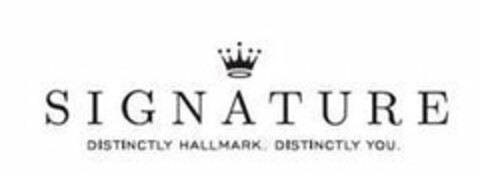 SIGNATURE DISTINCTLY HALLMARK. DISTINCTLY YOU. Logo (USPTO, 24.08.2017)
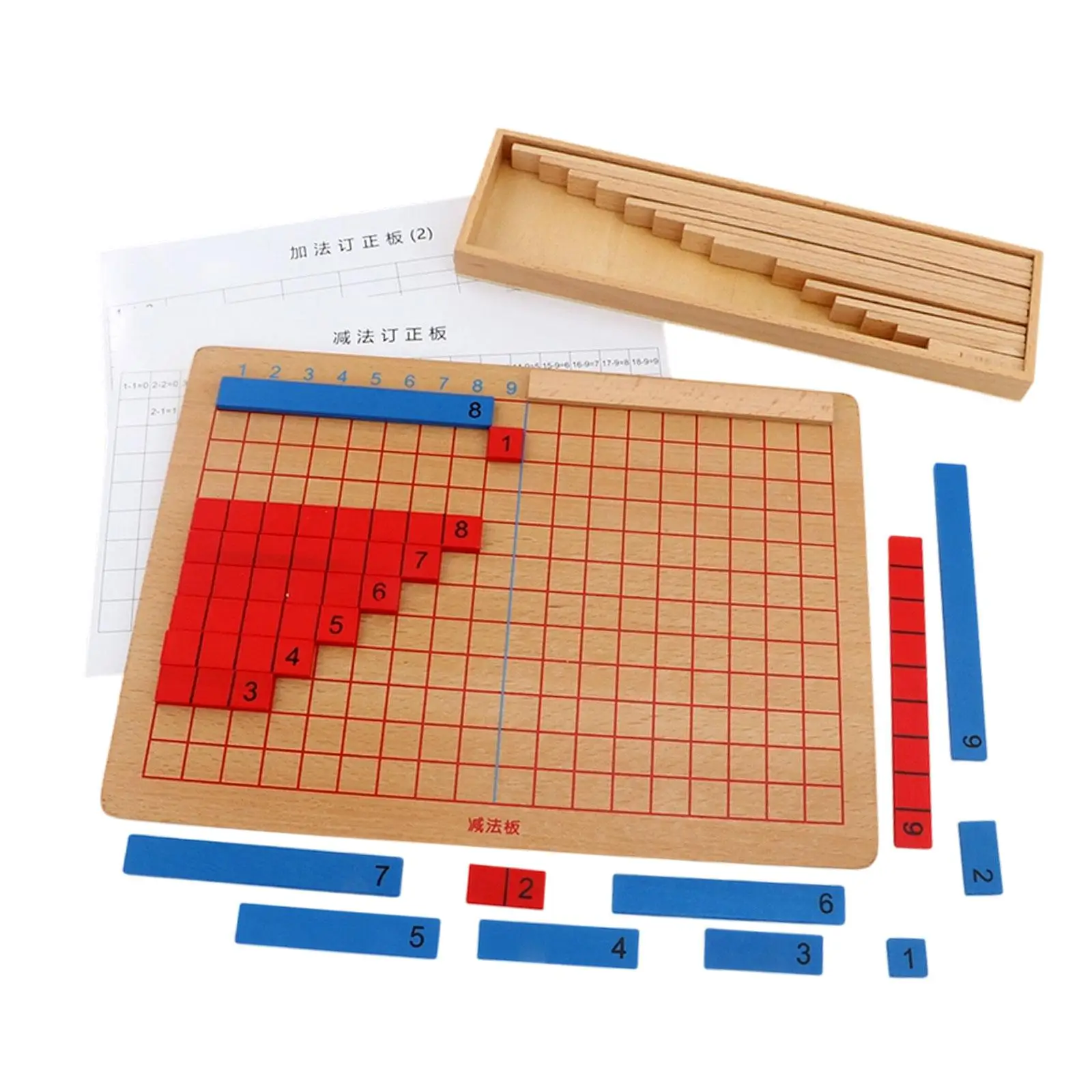 Planche d'addition et de soustraction, jouets sensoriels, outils pédagogiques, matériel de jouets mathématiques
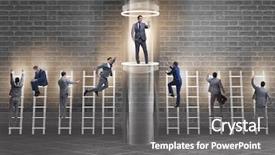  Presentation with fast speed broadband accelerate internet - Audience pleasing theme consisting of business accelerator - businessmen in accelerated and fast backdrop and a  colored foreground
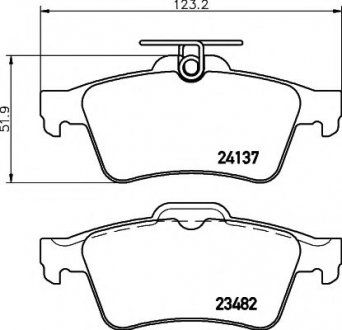 8DB355011731 HELLA Колодки гальмівні дискові комплект; задн.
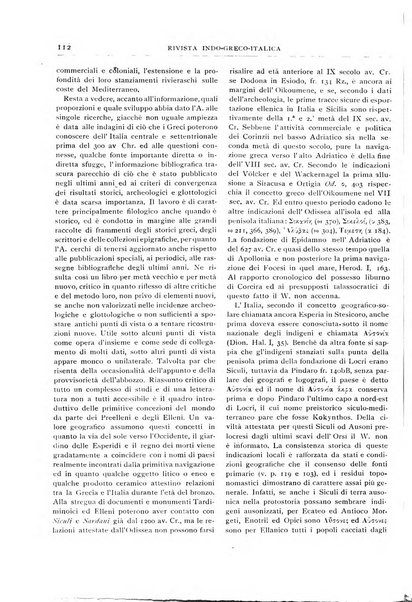 Rivista indo-greco-italica di filologia, lingua, antichità periodico trimestrale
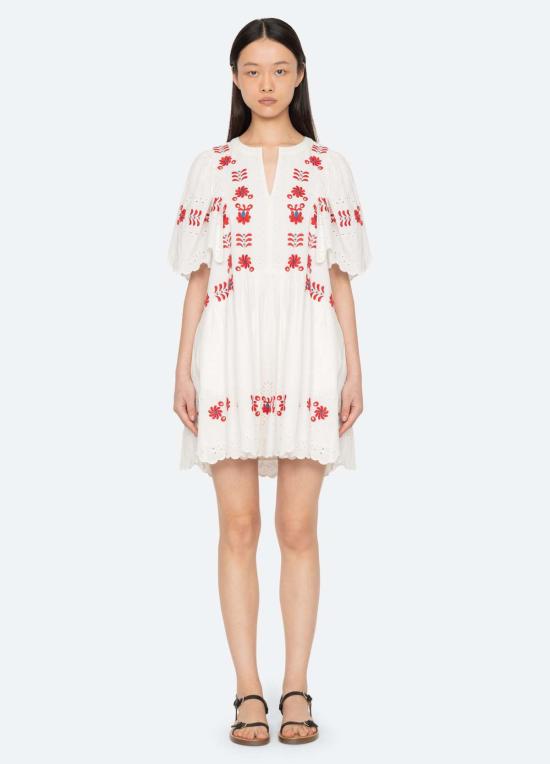  씨뉴욕 숏 원피스 씨뉴 카타리나 미니 드레스 크림 - SEA NY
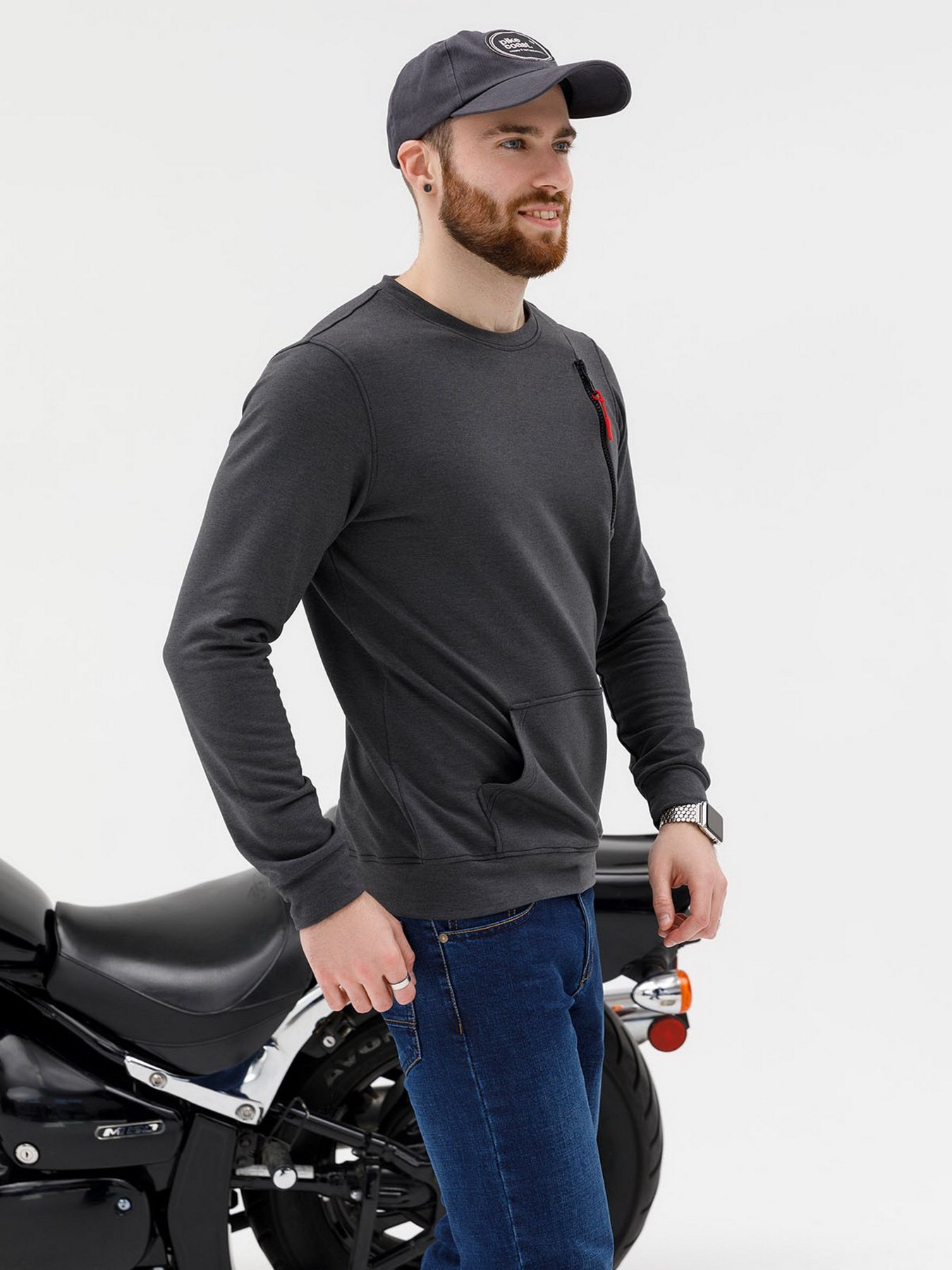 Світшот ISSA Plus модель SG-10_темно-серый Фото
────────────────────
▶ _What is needed_:
Write out, word for word, the lines from the start of the data through the one holding "Planche d'addition et". Omit pictures.

▶ _Task solution_:
 SIGNATURE DISTINCTLY HALLMARK. DISTINCTLY YOU. Logo (USPTO, 24.08.2017)
 Planche d'addition et de soustraction, jouets sensoriels, outils pédagogiques, matériel de jouets mathématiques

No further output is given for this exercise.